Crypto World: Crypto World crosses its fingers in the hope that the infection has passed

The cryptocurrency market has been nothing short of a financial soap opera in 2022, and the drama continued this week when lender Celsius Network filed for bankruptcy. Still, there is one important place where the drama has cooled noticeably: the very prices of the biggest digital tokens.

Bitcoin climbed almost 8% during the last three days of the work week, while Ether rose 20%. Neither of the two dominant tokens has set a new low in this bear market in almost a month.

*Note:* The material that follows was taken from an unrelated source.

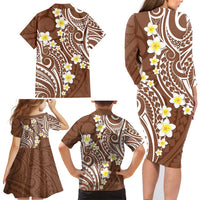Plumeria With Brown Polynesian Tattoo Pattern Family Matching Long Sleeve Bodycon Dress and Hawaiian Shirt LT05 - Polynesian Pride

Bitcoin has squeezed the closely monitored round figure of $ 20,000, while Ether hovers close to $ 1,000.

The relative stabilization in the lists fuels hopes that the infection may have taken its course after the spectacular collapse of tokens on the Terra blockchain, a wipe-out that also sent the hedge fund Three Arrows Capital and the brokerage house Voyager Digital into bankruptcy. While much of the crypto-world’s influence is not recorded on blockchains, and therefore hidden from scrutiny, what is visibly encouraging, according to James Check, chief analyst at Glassnode.



“I think the vast majority of forced sales have already happened,” Check said in an interview. “In general, the market seems relatively stable.”

Quiet after stormAgencies



There are two important sources of potential sellers left, check reservations. One is Bitcoin miners, who have seen the value of their hardware plummet along with the price of the token – stress that could be exacerbated if Celsius’ mining company begins unloading some of its 80,850 rigs to raise capital. The other is traders who will arbitrarily sell risk assets of all kinds if the stock market starts to collapse again.

On that front, this week brought some potential good news for the laser eye set. First, the S&P 500 is still about 5% above the lowest bear market from last month. And the 40-day correlation between Bitcoin and the Nasdaq 100 index has fallen to its weakest level since January, suggesting that the two are less vulnerable to movement in both directions.

Read more: Bitcoin tips at the bottom, but it may be different this time

New catalysts are needed to push prices decisively in one way or another, according to James Malcolm, head of currency and cryptocurrency research at UBS. A good sign that the market can normalize, however, is the strong performance of second-tier tokens such as Matic and Aave.

“What we see in crypto at the moment is a situation where individual stories mean a little more,” he said. “Some of it is related to new products, some of it is related to technical upgrades and some to business relationships. So it seems we are slipping into a more conventional market.”

All that being said, this well-known mercurial asset class has proven time and time again that choosing a bottom – or a top – is a dangerous endeavor. And any green shoots that appear to be popping up in this cryptocurrency winter are likely to need nourishment from macroeconomic factors, which are currently driven by soaring inflation and the Federal Reserve’s determination to stop it with higher interest rates.

“I do not want to extrapolate too much on that,” said Marc Chandler, marketing strategist at Bannockburn Global Forex, about the recent stabilization in cryptocurrencies. “To me, the calmer tone you’ve seen in crypto this week may be a reflection of a lack of participation when people are trying to figure out what to do in this environment, where the Fed is clearly tightening.”